A class-action suit has just been settled as Google agrees to pay $100 million to Illinois residents. The complaint explained that the Google Photos feature that identifies faces violated Illinois’ BIPA (Biometric Information Privacy Act) by storing facial recognition data without notifying users.
The BIPA determines that companies must warn the user in writing if they are storing any sort of identifying information such as facial recognition, fingerprints, retina scans, etc. It’s also imperative that companies be explicit about how long this information will be stored. According to BIPA, Photos did not disclose these terms and was grouping faces in pictures without the users’ consent.
Google has agreed to settle the dispute by paying $100 million to Illinois residents that were affected by this feature from May 2015 to April 2022.
In practice, this means that if you lived in Illinois during this period you can submit a claim and get part of this payout, which is expected to be anywhere from $200 to $400, depending on how many people file the claim.

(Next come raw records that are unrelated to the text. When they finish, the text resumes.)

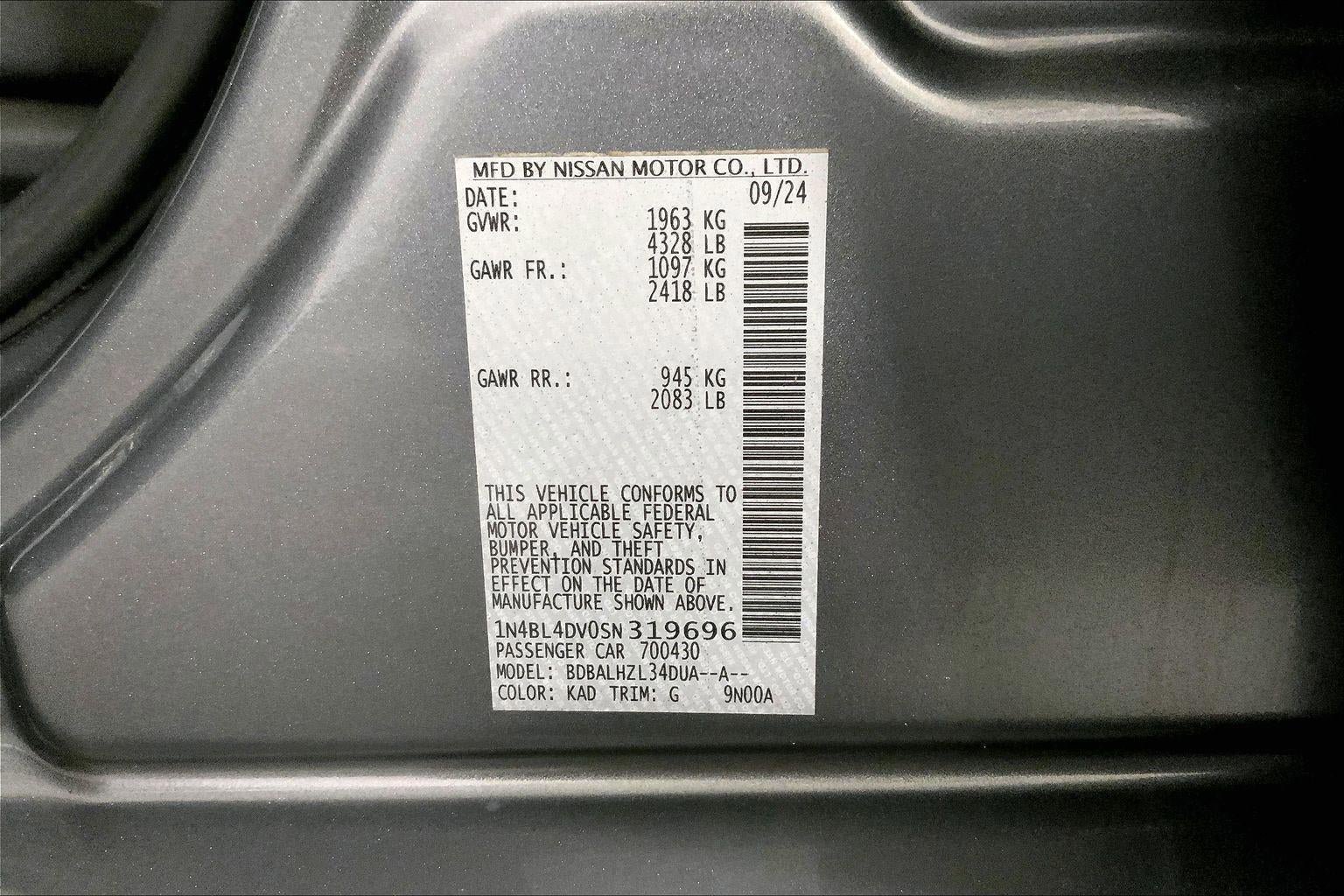 Used 2025 Nissan Altima 2.5 SV FWD image 31
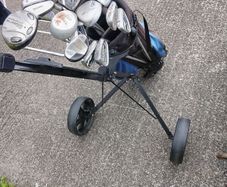 Golf set bag and buggy/carrier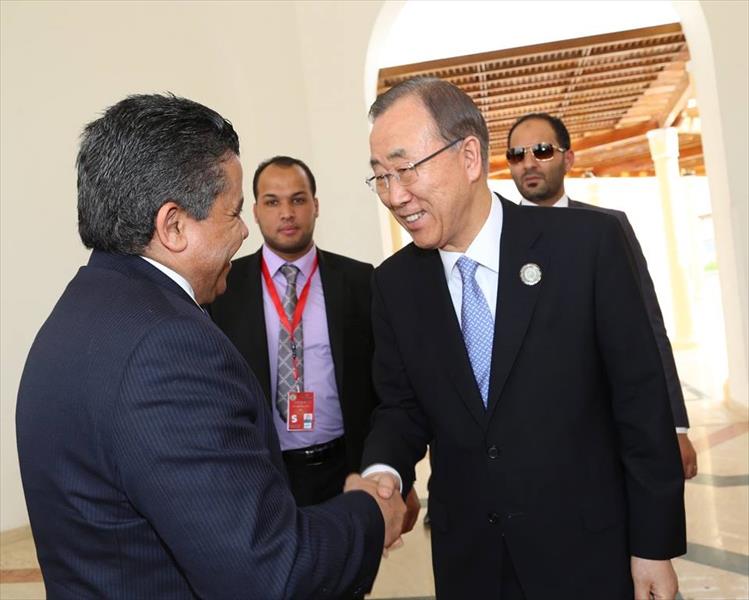رئيس مجلس النواب يلتقي الأمين العام للأمم المتحدة في شرم الشيخ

In a statement to The Verge, Google spokesperson José Castañeda said the company was pleased to resolve the issue and further clarified that the facial recognition feature of Photos is used mainly for organization and ease of use, and the grouped pictures are only visible to each individual user:
“Google Photos can group similar faces to help you organize pictures of the same person so you can easily find old photos and memories. Of course, all this is only visible to you and you can easily turn off this functionality if you choose." – Source: The Verge
It’s not the first time Illinois files class-action lawsuits against tech giants and wins. A very similar complaint was made about Facebook’s now abandoned Tag suggestion feature, which would suggest tags based on facial recognition in any photos posted on the platform. Facebook had to pay $650 million on the now-settled lawsuit.
The feature was introduced in 2010 and always had a controversial history. Anyone was allowed to “tag” people in public pictures without their consent, and pictures you were tagged in would remain visible in your public profile.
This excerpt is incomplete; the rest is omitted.